Without a coach, the team is led by an executive board made up by the president, vice president, treasurer and social community chair. These positions are usually held by upperclassmen, and the team elects new leaders upon graduation. Current club president Meghna Lohia PO ’22 works with the rest of the team’s executive board to tackle every facet of the club, including those a coach might normally oversee.

“Together we’re kind of in charge of every single thing that the club does from competing in tournaments, to training new members, to throwing parties,” Lohia said. “And all of that is really nice without a coach because it means that we are so self-directed … I think students on the team generally feel like they have a lot of initiative and autonomy to learn and contribute ideas.” 

With classes remote for all of last year, the club essentially shut down and wasn’t able to attend any practices or competition, nor bring in new members. Back in person since the fall, however, the club has made up for lost time and has about doubled its size by bringing in first-years and sophomores, totaling 23 students.

One of those new members is Dylan Bousquette PO ’24. Bousquette had wanted to join the Mock Trial team since he was accepted to Pomona due to his interest in the pre-law track. Not only does he value his newfound knowledge of trial and law, but he also valued the group of people he found himself around.

“I think that [the upperclassmen] have done a really great job of working to build community, and it’s a really great group of people,” Bousquette said. “Everyone would refer to someone as their Mock Trial mom or dad.”

While balancing her studies with running Mock Trial can be difficult, Lohia appreciates the kind of environment that a student-run club creates.

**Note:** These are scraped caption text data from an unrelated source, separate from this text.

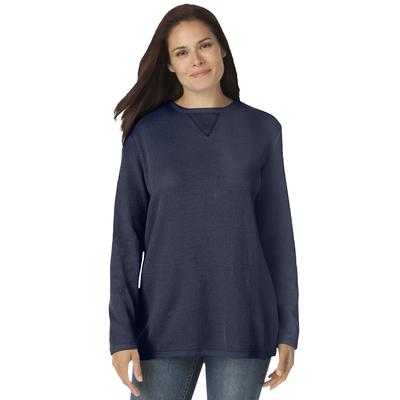 Plus Size Women's Thermal Sweatshirt by Woman Within in Navy (Size 1X)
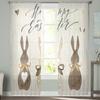 Easter Rabbit Tulle Curtains For Living Room Bedroom Voile Sheer Curtain Window Home Decor Drapes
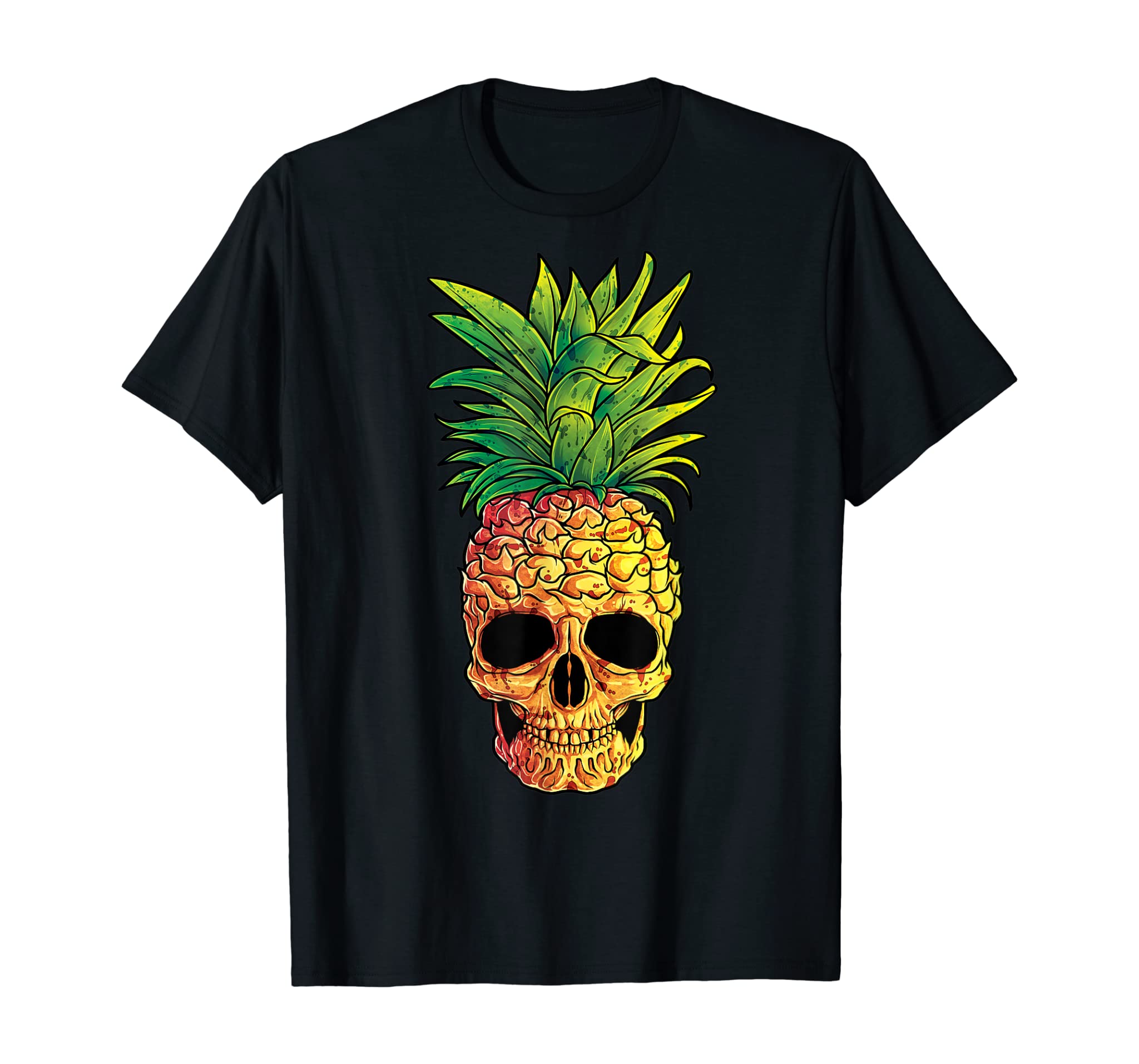 Pineapple Skull T shirt Aloha Beaches Hawaiian Hawaii Goth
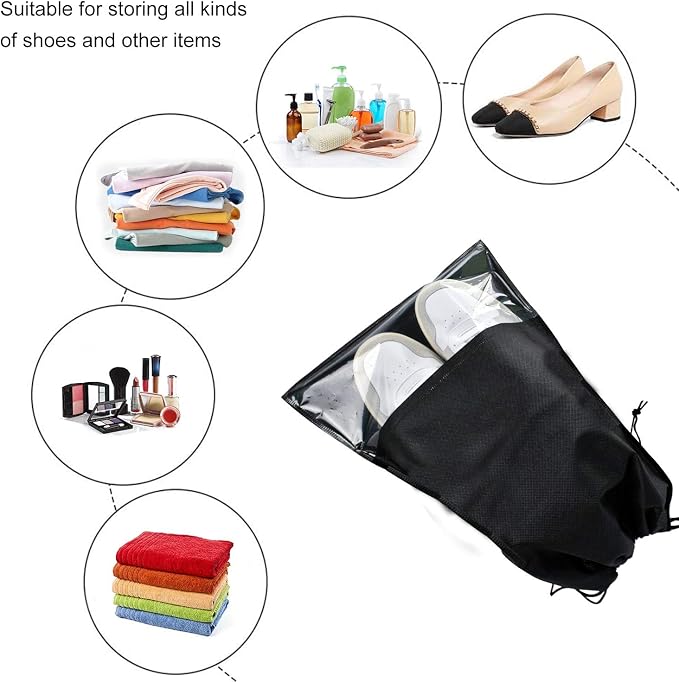 6 Pcs Travel Shoe Bags, Ulbemoll Drawstring Shoe Storage Bags for Packing, Black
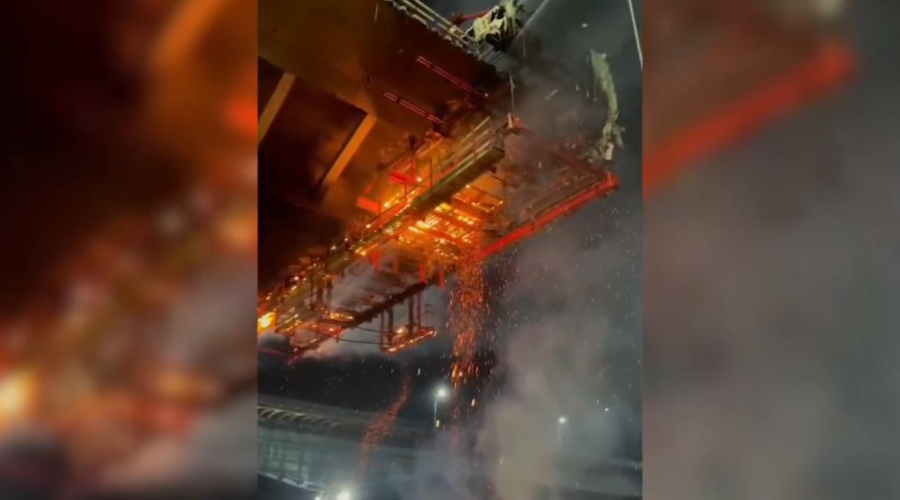 Павлодарда жаңадан салынып жатқан көпірден өрт шықты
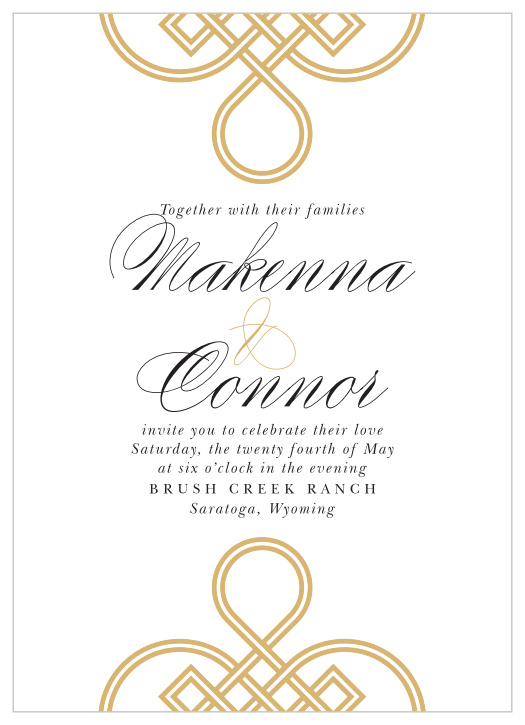 Invite your dearest friends and family with the endlessly elegant design of our Irish Knot Wedding Invitations. Gold-foil forms the top and bottom border of the card, tying itself into the beginnings of intricate, traditional Celtic knots. Swirling calligraphy spells out your names in the center of each page, flanked below by the details your guests need to enjoy the day with you.
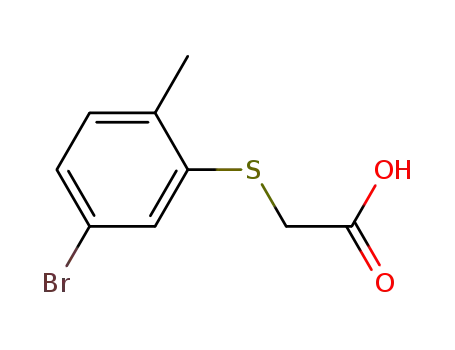 Molecular Structure of 845746-14-7 (Acetic acid, [(5-bromo-2-methylphenyl)thio]-)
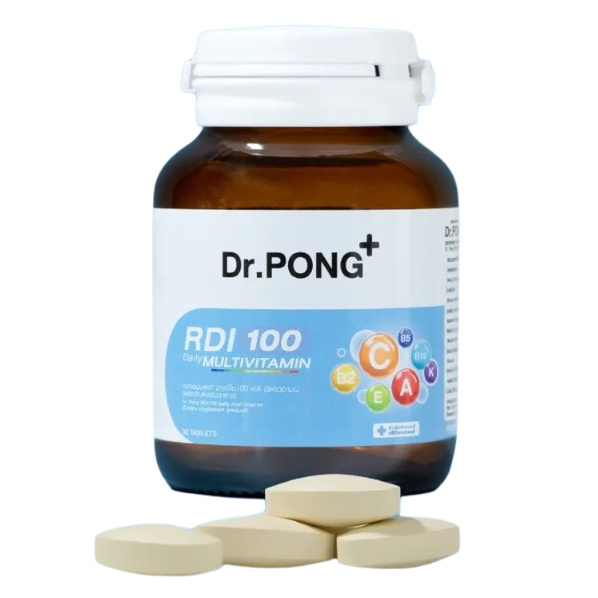 Dr.PONG - RDI 100 Daily Multivitamin, B-Complex, Vitamins A, C, D3, E, K1, Folic Acid and Biotin (30 capsules)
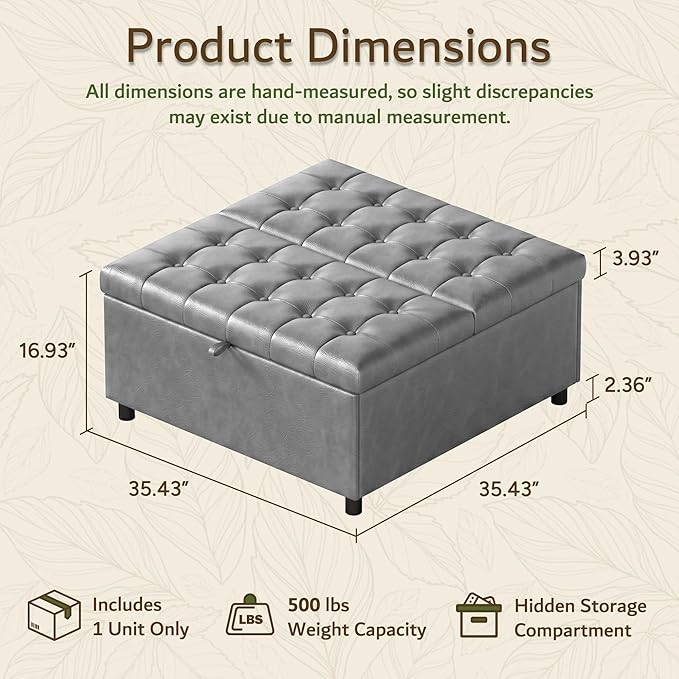 LINLUX Extra Large Leather Storage Ottoman, 35.5 Inch Large Square Lift Top
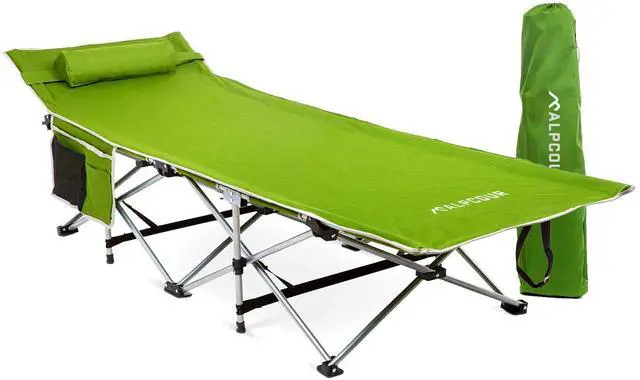 Main image of Folding Camping Cot Deluxe Collapsible Single Person Bed in a Bag w/Pillow for Indoor & Outdoor Use Ultra Lightweight, Comfortable, Heavy Duty Design Holds Adults & Kids Up to 300 Lbs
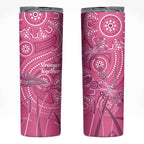 Australia Indigenous Pink Month Skinny Tumbler Breast Cancer Aboriginal Dragonflies Ribbon - Aussie Hoodie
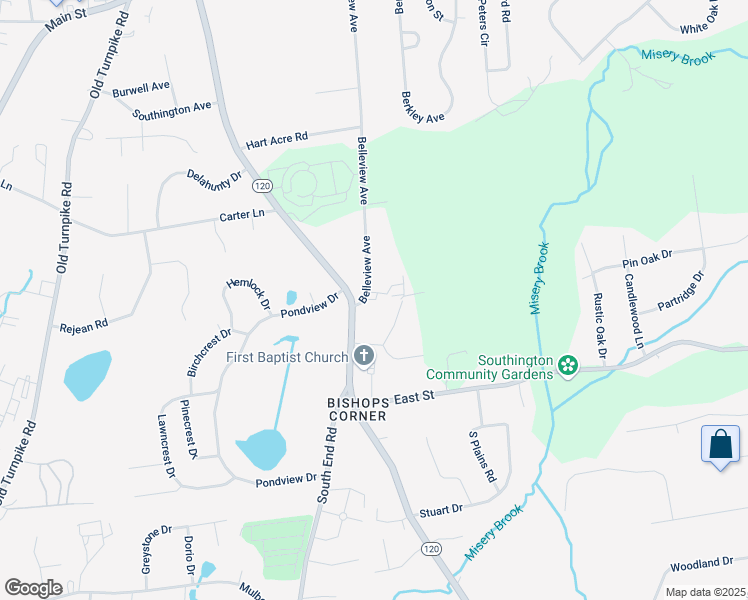 map of restaurants, bars, coffee shops, grocery stores, and more near 391 Belleview Avenue in Southington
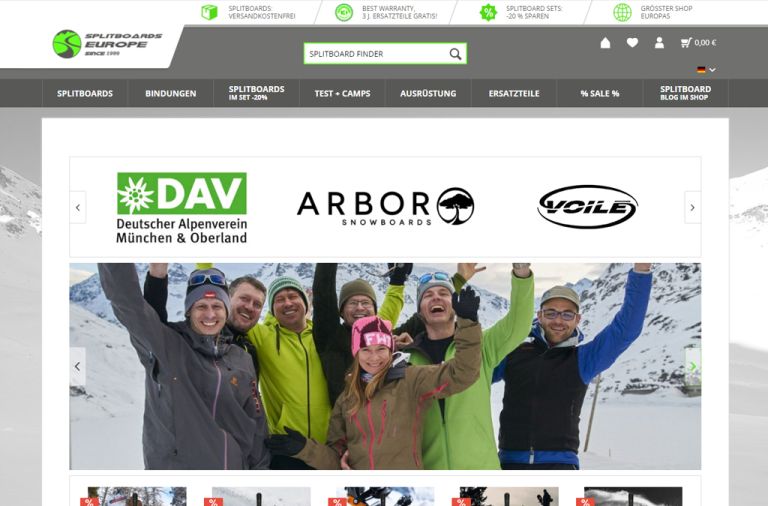 Shopware Shop Referenz: Splitboards Europe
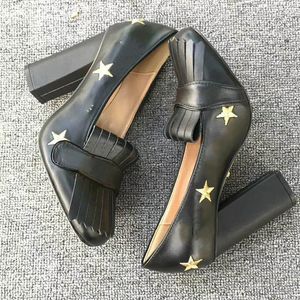 Tasarımcı Marmont Pompalar Kadın Deri Yüksek Topuklu İşlemeli Yıldız Saçak Orta Topuk Püskül Ayakkabı 5cm ve 10 cm büyük boy No28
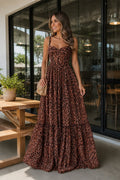 Leopard - Spaghetti Straps A Line Chiffon Wedding Guest Dress With Ruffles - Curvevia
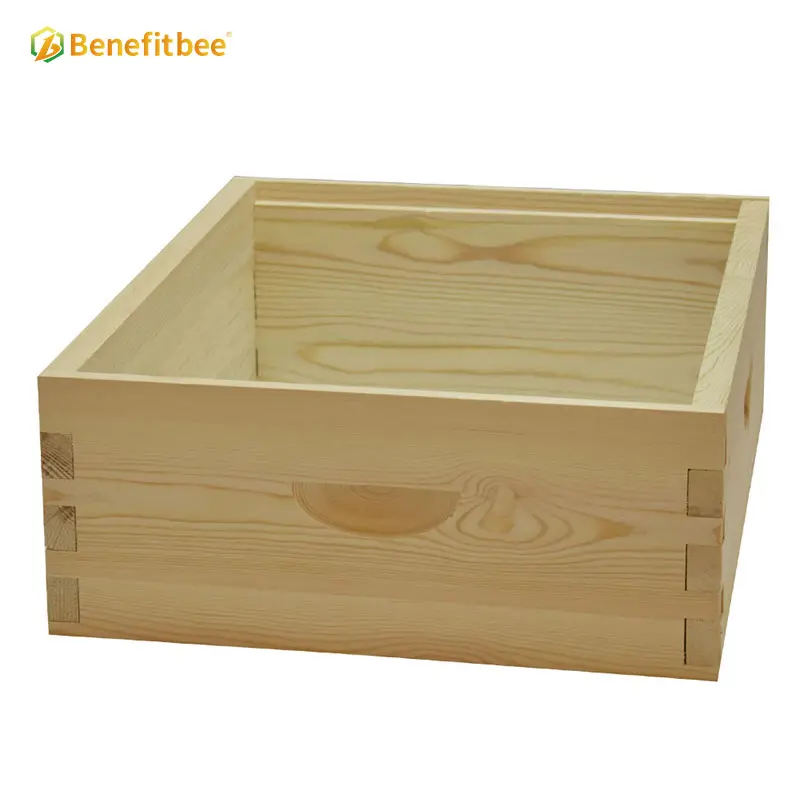 Benefitbee फैक्टरी मूल्य unassembled langstroth छत्रक बॉक्स लकड़ी गहरी छत्ता शरीर पाइन लकड़ी छत्ता गहरी बॉक्स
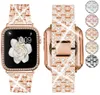 Роскошный бриллиант Rhinestone Bling Blapt для Bling для Apple Watch Band 38 мм 42 мм из нержавеющей стали металлический браслет для IWatch 5 6 SE 40 мм 44 мм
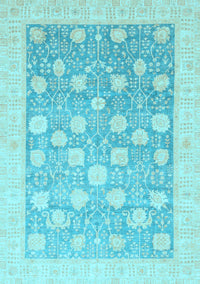 Oriental Light Blue Modern Rug, abs4041lblu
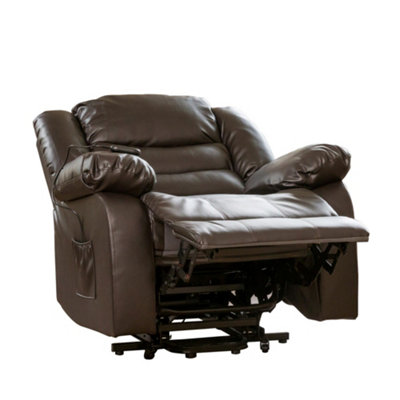 Brooklyn 96cm Wide Brown Bonded Leather Electric Lift Assist Power Motion Mobility Aid Riser Recliner with Massage and Heat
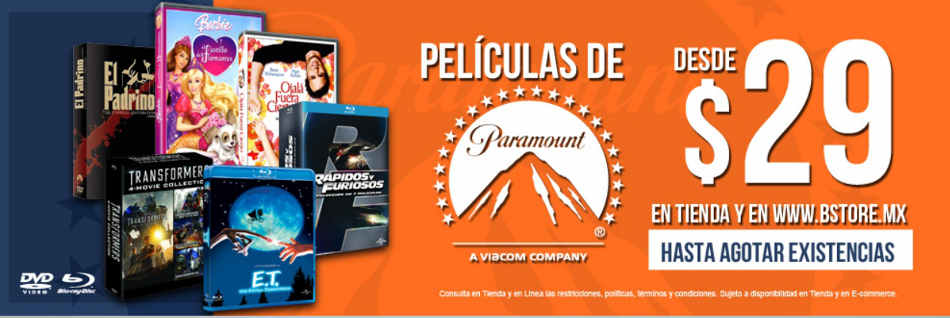 The B-Store: Peliculas nuevas de Paramount desde $29 pesos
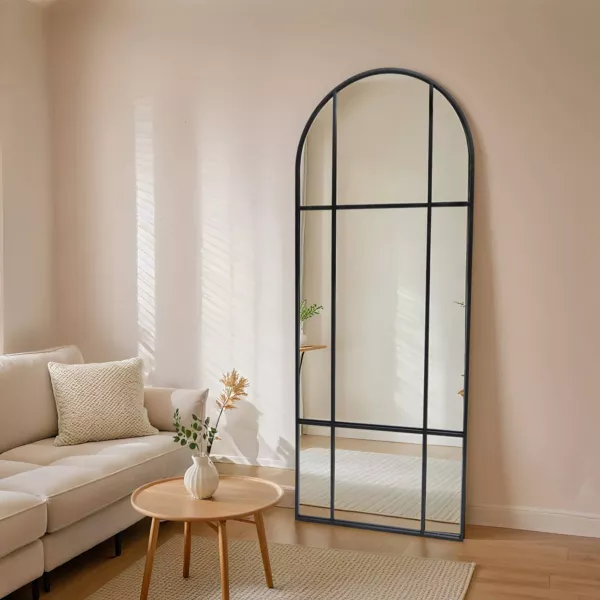 Gran espejo de pared de metal (H173 cm) Industrial Negro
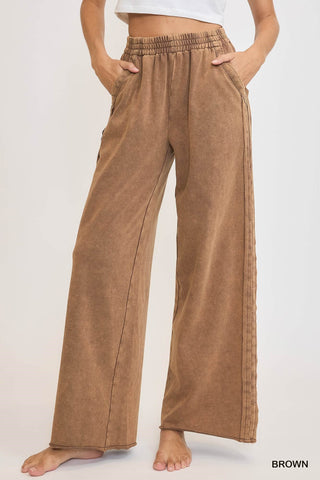 Mineral Washed Wide Leg Pant-Khaki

“I think being able to write our own material and train each other has been really beneficial and teaches us a lot about teamwork and mentorship … I’m happy without a coach, and I really wouldn’t want to change that,” she said.

Lohia does acknowledge one instance where having a consistent coach — rather than students who cycle out after four years — might benefit the program.

“The one big downfall about not having a coach is that there’s no institutional knowledge that’s consistently kept,” Lohia said. “It’s really important that each generation of seniors passes down as much as they can [to] the next class.”

However, she does think that the executive board tackled that issue effectively this year. 

“We’ve tried our very hardest to make sure that we have very thorough training [and] social events, [and are] creating a good vibe on the team,” Lohia said. “So, I think that [the new executive board] will carry that [knowledge] into the next year.” 

As one of the new students Lohia and the executive board worked to include, Bousquette finds their efforts to be a success. He said that not having a coach “creates a really trusting, less formal relationship that I think is good for the club.”

While the Mock Trial team already has a community to be proud of, their growth and performance in competitions this year is also something to celebrate. The club members spent much of the fall learning about how to compete, as the club actively seeks out newcomers with no experience. Additionally, with the competitions held remotely this year, the whole club had to learn how to compete virtually. 

Then, in the spring, the club split into three levels in accordance with the American Mock Trial Association’s rules. The groups are made based on ability and time commitment, with the “A” team being the most demanding of the groups. This year, the teams placed at their tournaments, and the A team even made it to the qualifying round for nationals. 

The team’s three levels also had many standout performances from individual students, resulting in numerous returners and newcomers bringing back awards. In total, the Mock Trial team earned more than a dozen prizes over the course of the semester.

“We did extremely well,” Lohia said. “We had numerous freshmen win awards, numerous returning members won awards … Usually, you have a president that has three years of experience under their belt, but I really didn’t have that and no one on [executive] board has that. So it’s an incredible feat, from my perspective, that we were able to gather all these new members, [and] then set them up for success.”

Lohia and three other seniors will graduate in May and leave the club in the hands of the rest of the team. Despite her parting from the team, Lohia will take a few lessons with her. 

“The public speaking skills, the teamwork, being able to manage different people’s identities and make sure everyone feels included and invited [will remain applicable],” she said.

She attributes those lessons to the community and commitment of the whole team.

“Surrounding yourself with people who make you feel really good about what you’re doing and make you feel like you can accomplish whatever you need to accomplish is so important,” Lohia said. “And I wouldn’t have stuck on the team if not for being surrounded by those kinds of people.”